A yard in the Imperial system is apparently the distance from King Henry VIIIth's nose to his fingertip with arm outstretched, a foot was the length of his foot, and in inch, the length of one of his toes.
The pound, the basis of the Imperial weight system, has an uncertain provenance, but stems from Roman times and was some arcane standard now lost to the mists of history.
The abbreviation for pound, "lb", comes from the Roman for scales, libra.
The point being that there is now no logical standard that a pound can be measured by if for some reason we lose it.
(Another Editor's note: I'm not crazy about monarchies of any sort, so the Imperial system has two strikes with me.
Further to that: The yanks hate the British monarchy and had a revolution to break away, you'd think they would have embraced the egalitarian Metric system at the time, just goes to show there's not a lot of logic involved with the Imperial system and it's use.)
The American attitude to the Metric system is best summed up (in my opinion) by Alec Baldwin in 30Rock.
Alec plays arch-republican, Jack Donaghy.
In one episode he attends a conference in Toronto, Canada with his heavily pregnant wife.
Some days before the due date, she begins contracting, and Jack and wife start a major flap as they want their child to be born in the US, so that the kid can be president some day.
Frantically Jack tries to find a way to get back to the US, and his wife asks, "can you drive me back there? How far is it?"
Jack replies: "I don't know, I asked a Canadian the distance, but he told me in kilometres!"
For the record, it's 160k, or 100 miles from Toronto, Canada to the closest point of the US, Buffalo, New York.
So to all my new US readers, glad to have you, but please start using the Metric system and catch up with the rest of the world.
So having raised the blood pressure of everyone stateside I will close this week's epoch marking rant with one of my favourite jokes that could have been written for me.
A guy joins a monastery in the Himalayas.
It's a vow of silence monastery, but every year on mid-summer day each member of the order is allowed to say two words to the abbot.

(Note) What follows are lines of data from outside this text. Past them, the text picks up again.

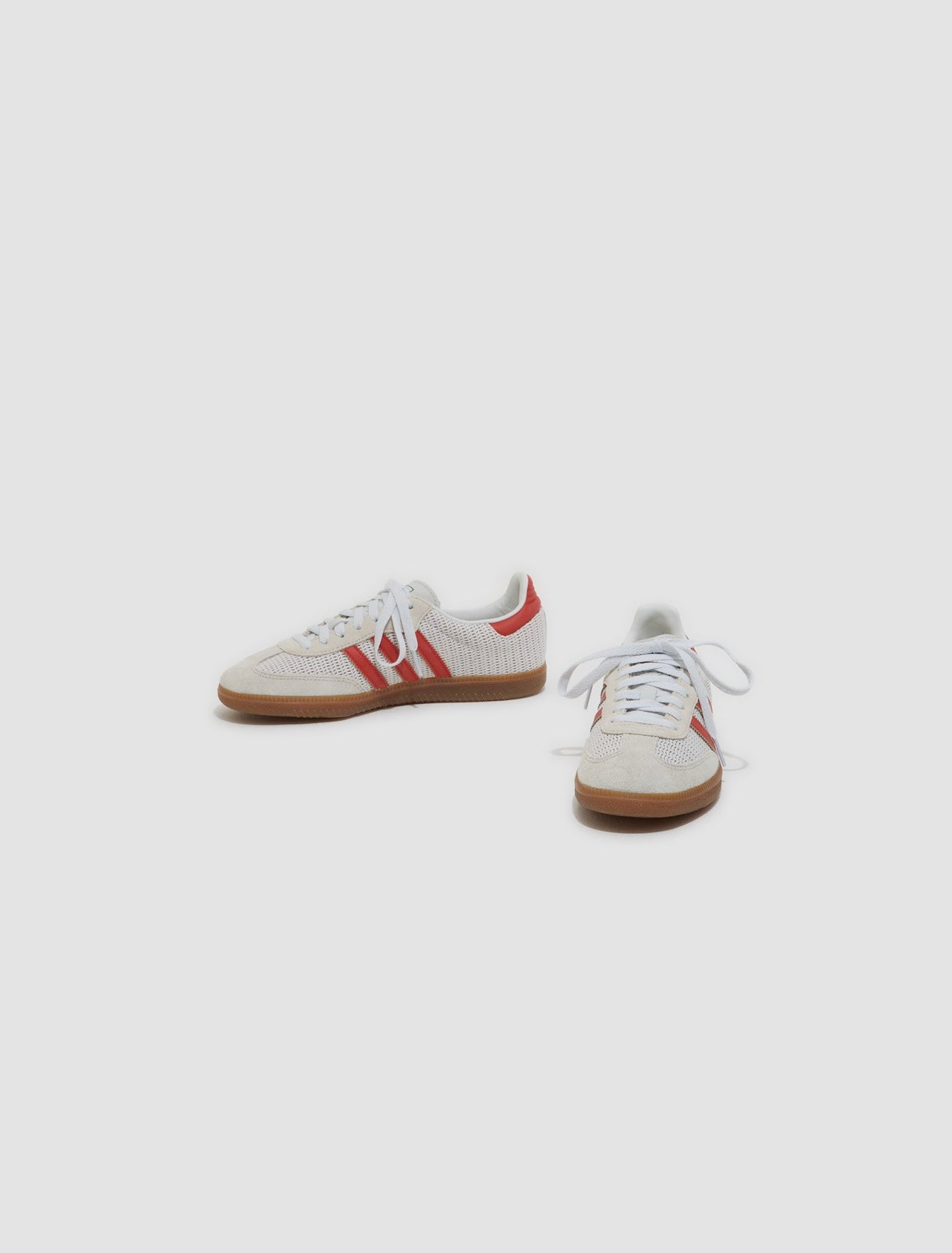 Samba OG Sneaker in White & Red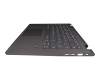 5CB0R47328 teclado incl. topcase original Lenovo DE (alemán) gris/canaso con retroiluminacion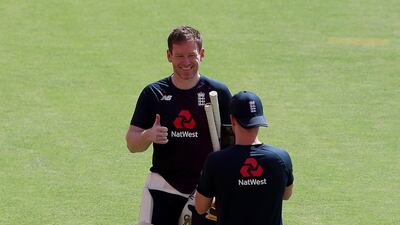 England captain Eoin Morgan gives the thumbs up. Getty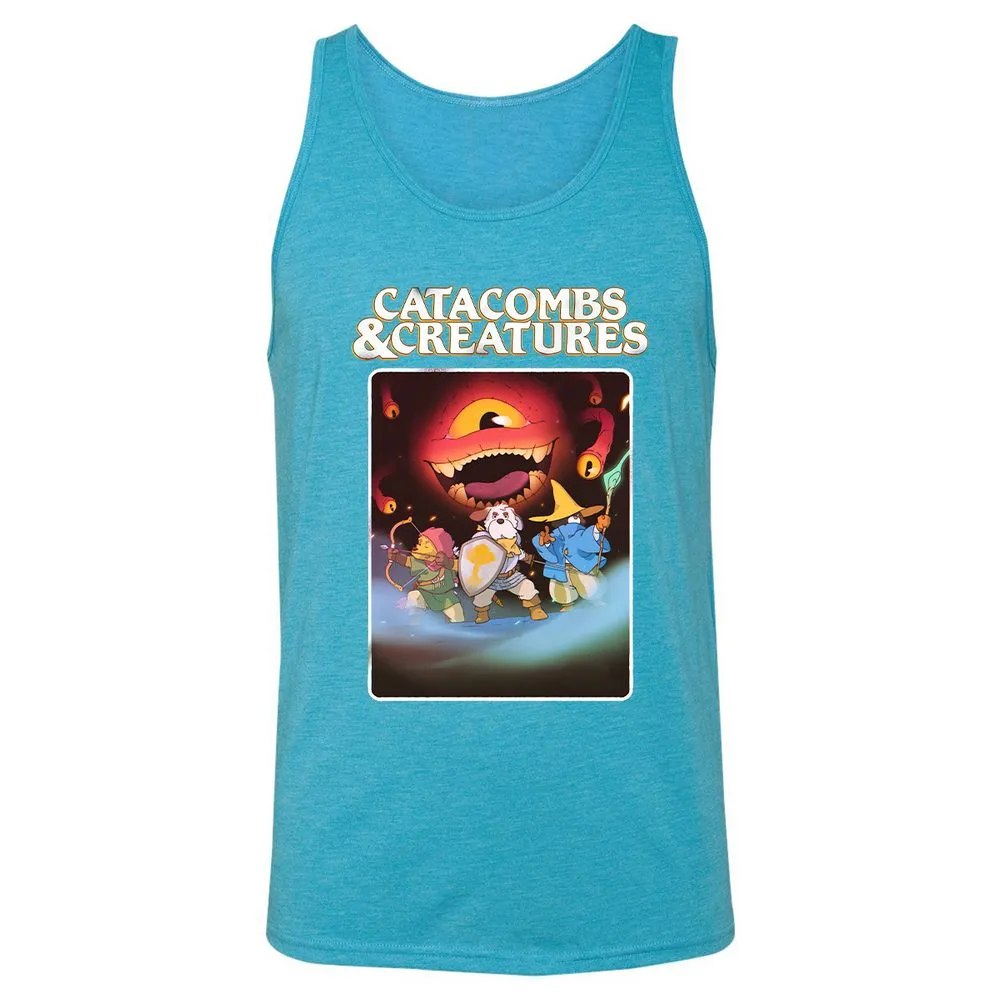 Catacombs & Creatures Unisex Jersey Tank - Aqua Triblend - 3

So the new guy goes about his devotions and then summer comes and it's time to say his first two words.
He joins the line in front of the abbot, seated at his desk with quill poised ready over his parchment.
His turn comes and the abbot says, "Yes, brother, what are your words for this year?"
|Our joke's abbot in one of the first two years.|
The new guy says, "More food."
The abbot writes it down, and the novitiate goes away and another year passes.
The next year comes and once again the line forms in front of the abbot.
The new guy comes up in turn and is asked for his words, he says, "More blankets."
Once again it is written down with due ceremony and the members of the order pass another year.
Mid-Summer comes again and the new guy comes up for his third utterance, his fifth and sixth words in three years.
He shuffles up to the desk and the abbot looks up at him enquiringly, and the guy says, "More firewood".
At these word the abbot throws down his quill and says with considerable exasperation, "For buddha's sake mate, you've been here three years and all you've done is bloody complain!"